• [Instructions for the task]: The lines from the top of the material through the line with "This is a 2010" are to be set down exactly. Leave the pictures out.

• [Data supplied]:
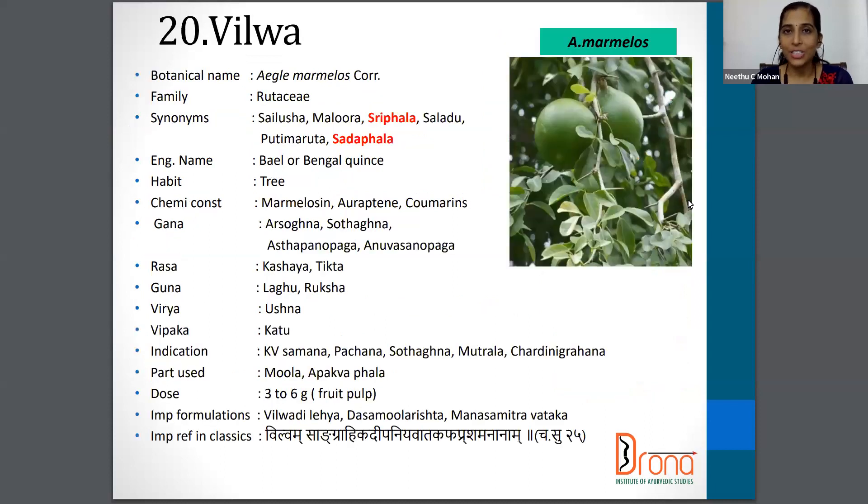The next one is the quite familiar Bilva — Aegle marmelos from the Rutaceae family. Synonyms are Sreephala, Sadaphala, Shaladu etc. The English name is Bael or Bengal Quince. The part used is Moola and Apakwa Phala and dosage is 3 to 6 gram of fruit pulp.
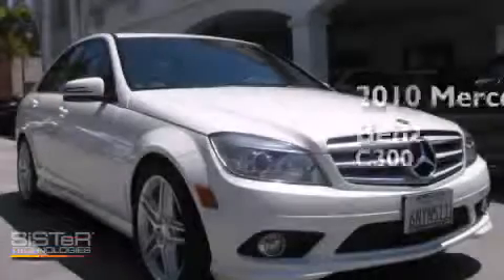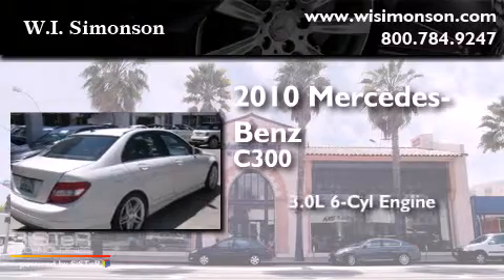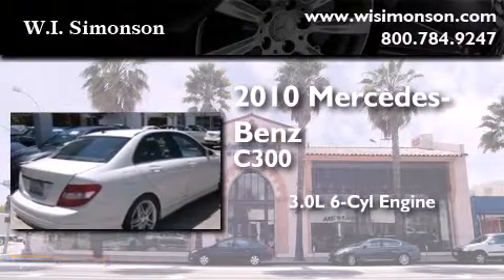This is a 2010 Mercedes-Benz C300. It features a 3.0-liter, six-cylinder engine and an automatic transmission.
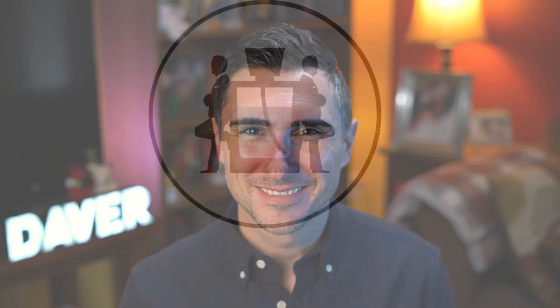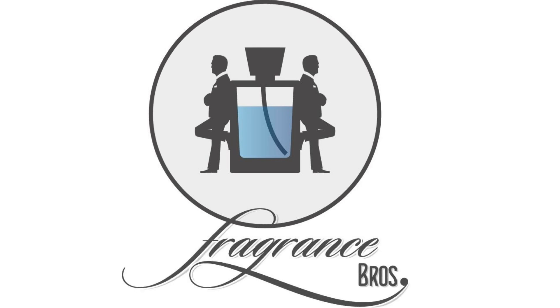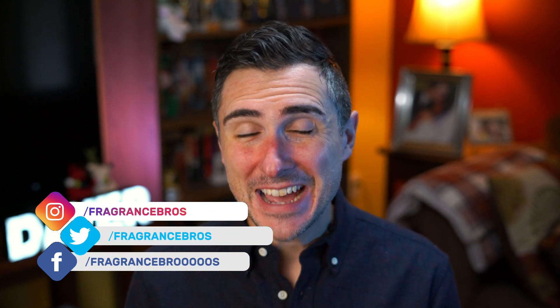Another video in my Amber series — Baccarat Rouge 540. Hey Fragrance Family, I'm David and I'm a fragrance bro, your best source for everything fragrance related. Today I have a video in my December series, my Amber Month series, an ongoing series that's been lasting over a year, and that is on Baccarat Rouge 540 by Maison Francis Kirkjohn.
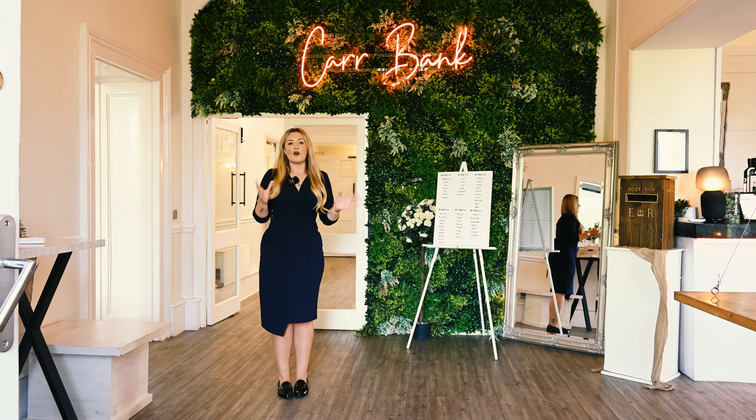Thank you so much for joining me on this tour. If you would like any more information, please visit our website carbankweddings.com. We look forward to seeing you soon.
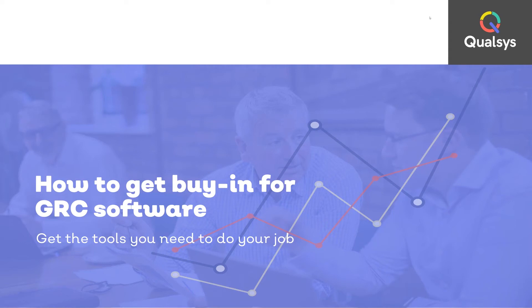Hello and welcome to this webinar. My name is Emily Hill and I'm a digital marketing executive here at Qolsys. Today I'm going to talk you through how you can get buy-in for governance risk and compliance management software.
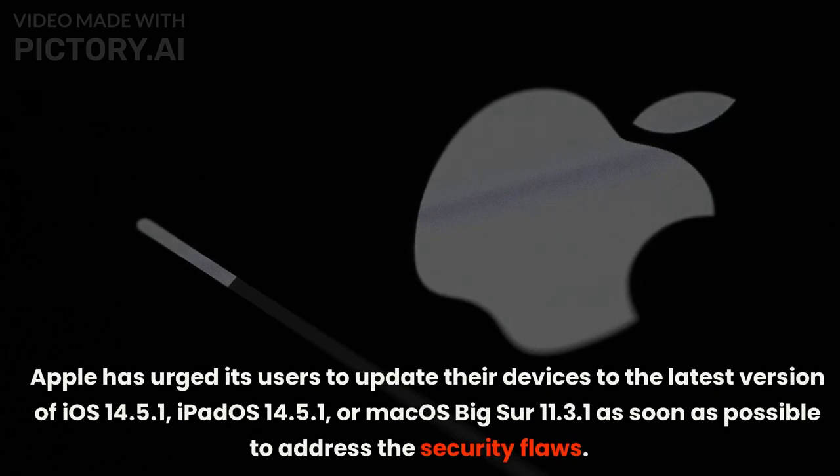Apple has urged its users to update their devices to the latest version of iOS 14.5.1, iPadOS 14.5.1, or macOS Big Sur 11.3.1 as soon as possible to address the security flaws.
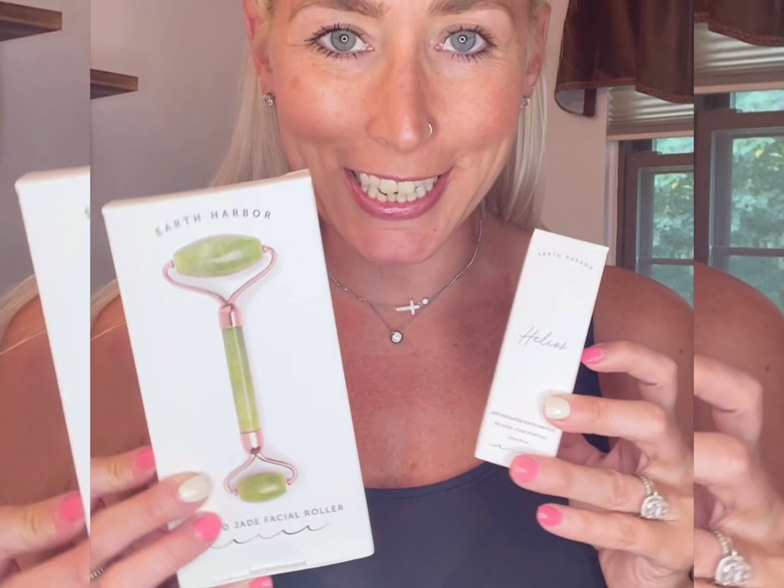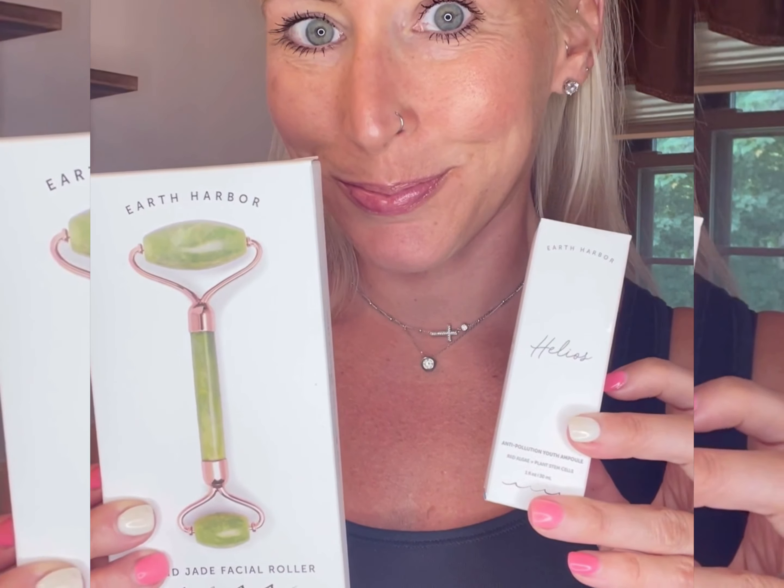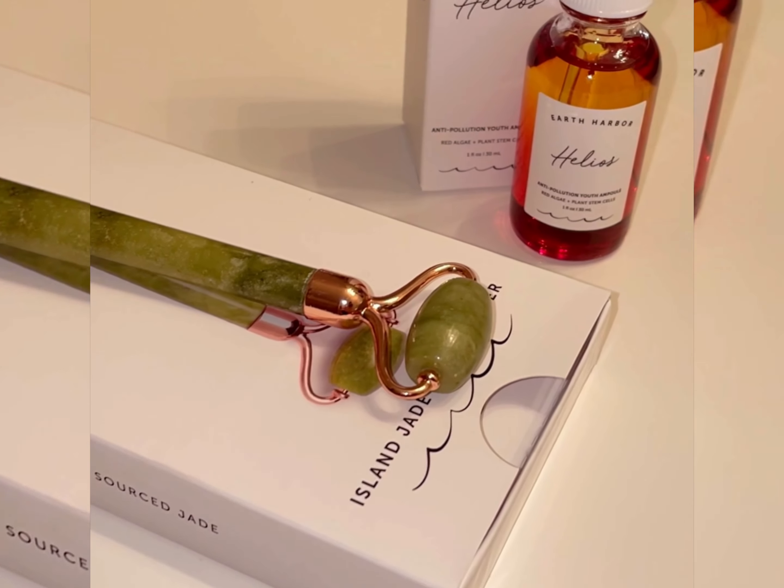This is an absolute power duo. It's the Earth Harbor Revitalizing Set from Green Eco Dream. The entire packaging is plastic free and compostable. First I apply the Helios Serum, great for smoothing out fine lines and wrinkles.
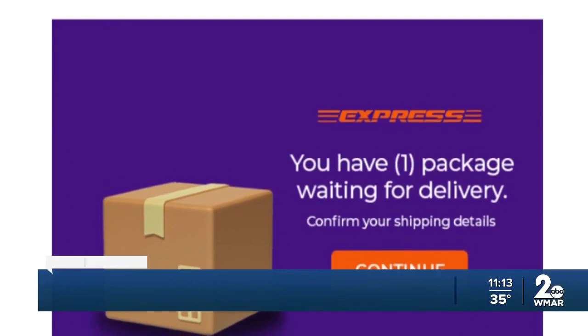While you wait for your packages to be delivered, scammers are sending texts or emails about your orders. It's tempting to want to click on those update notifications, but it can be a setup to steal your logins, credit cards, or personal information. It's easy bait for all holiday shoppers.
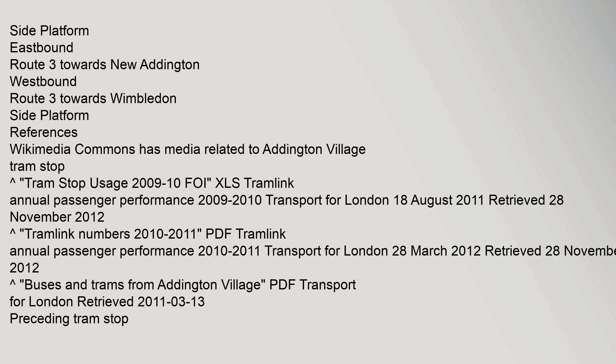Layout: Side platform, eastbound Route 3 towards New Addington; westbound Route 3 towards Wimbledon. Side platform. References: Wikimedia Commons has media related to Addington Village Tram Stop. Tram stop usage 2009–10 FOI XLS, Tramlink annual passenger performance 2009–2010.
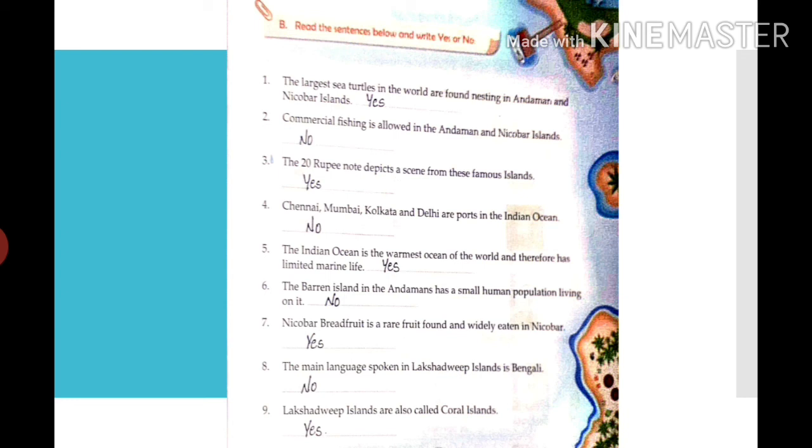Fifth: the Indian Ocean is the warmest ocean in the world and therefore has limited marine life — Yes. Sixth: the Barren Island in Andaman has the smallest human population living on it — No. Seventh: Nicobar breadfruit is the red fruit found and widely eaten in Nicobar — Yes. Eighth: the main language spoken in Lakshadweep island is Bengali — No, the main language spoken in Lakshadweep is Malayalam. Last one: Lakshadweep islands are also called coral islands — Yes.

• [Finished exercise]:
The next one is the quite familiar Bilva — Aegle marmelos from the Rutaceae family. Synonyms are Sreephala, Sadaphala, Shaladu etc. The English name is Bael or Bengal Quince. The part used is Moola and Apakwa Phala and dosage is 3 to 6 gram of fruit pulp.
This is a 2010 Mercedes-Benz C300. It features a 3.0-liter, six-cylinder engine and an automatic transmission.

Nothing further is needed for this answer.